Task to carry out →
Below is a listing with pictures. Repeat exactly the lines starting at the one holding "Item preview, Kawaii" and going on through the one holding "Vista parcial da", and leave every picture out.

++++ Information given ++++

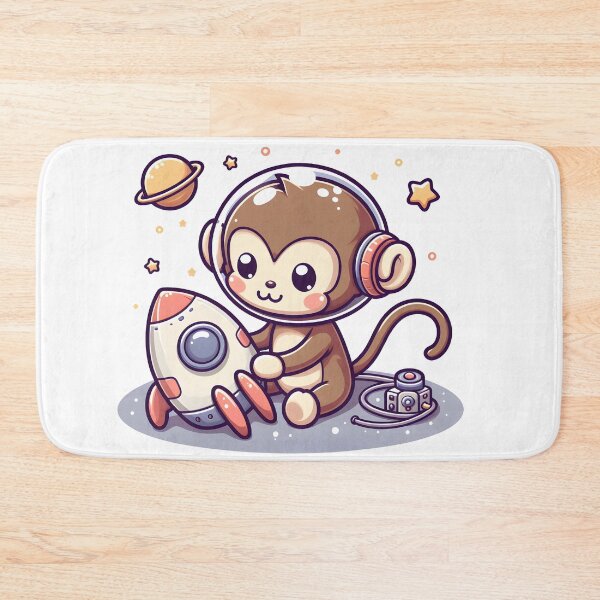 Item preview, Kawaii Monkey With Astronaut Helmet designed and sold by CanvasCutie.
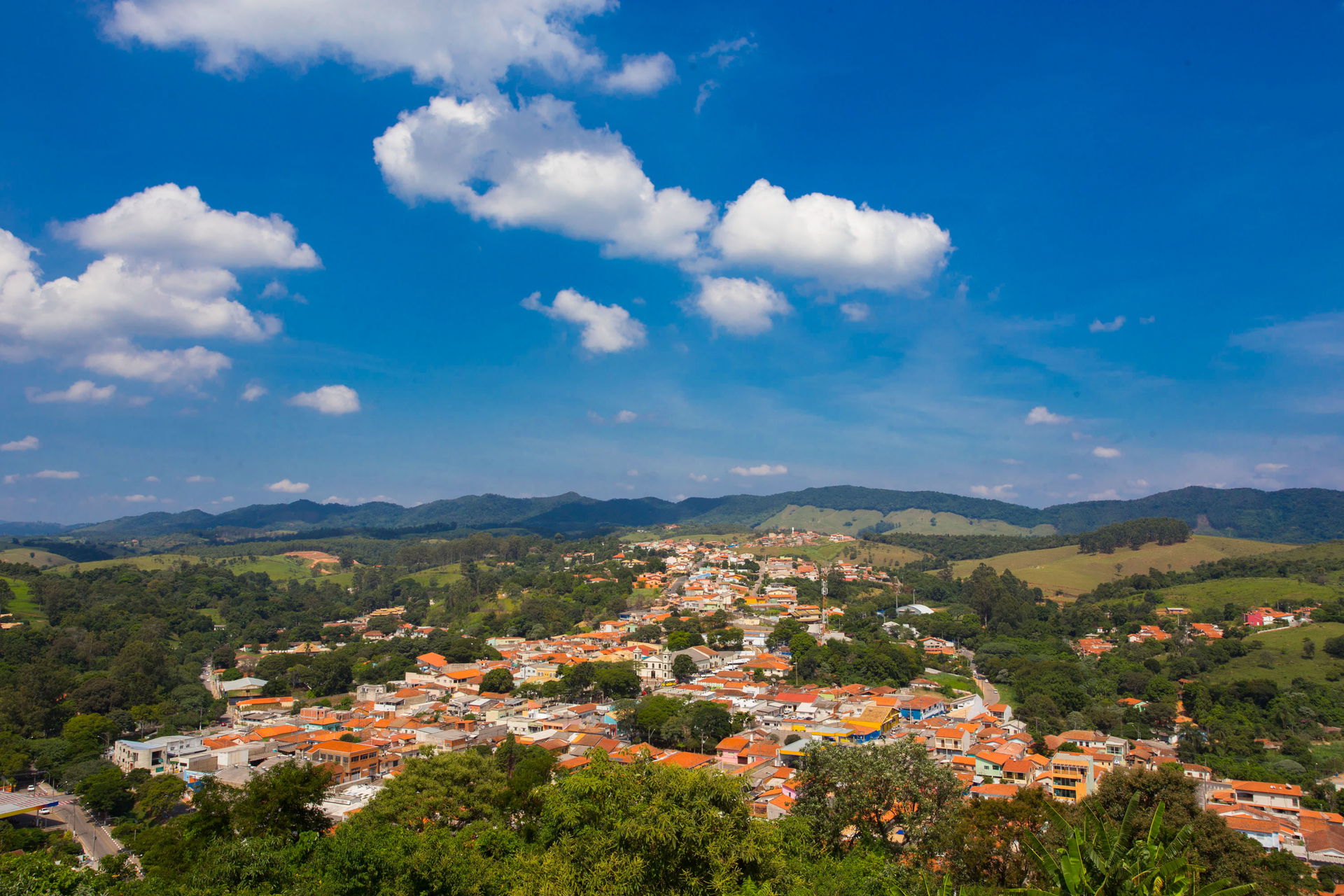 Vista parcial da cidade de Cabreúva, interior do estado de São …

++++
++++ Information given ++++

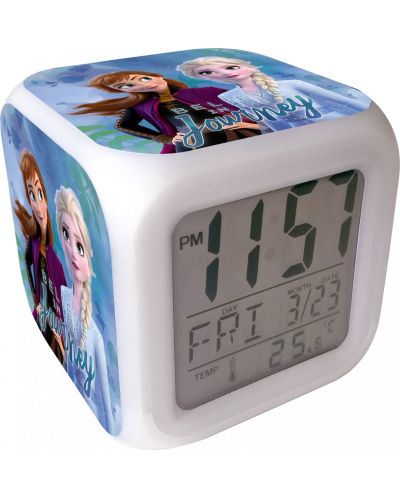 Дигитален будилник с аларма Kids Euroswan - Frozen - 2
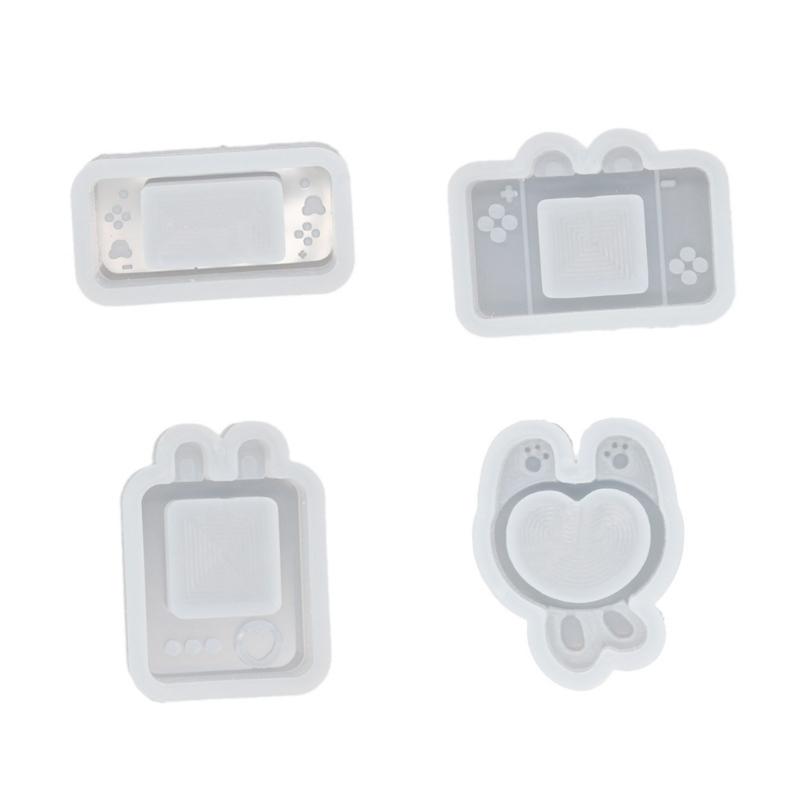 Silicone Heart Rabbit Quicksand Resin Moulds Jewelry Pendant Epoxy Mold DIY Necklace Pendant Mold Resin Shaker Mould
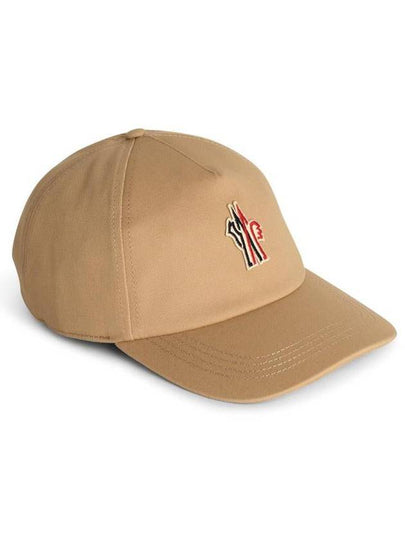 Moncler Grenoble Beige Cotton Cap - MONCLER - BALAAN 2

++++

Output below →
 Item preview, Kawaii Monkey With Astronaut Helmet designed and sold by CanvasCutie.
 Vista parcial da cidade de Cabreúva, interior do estado de São …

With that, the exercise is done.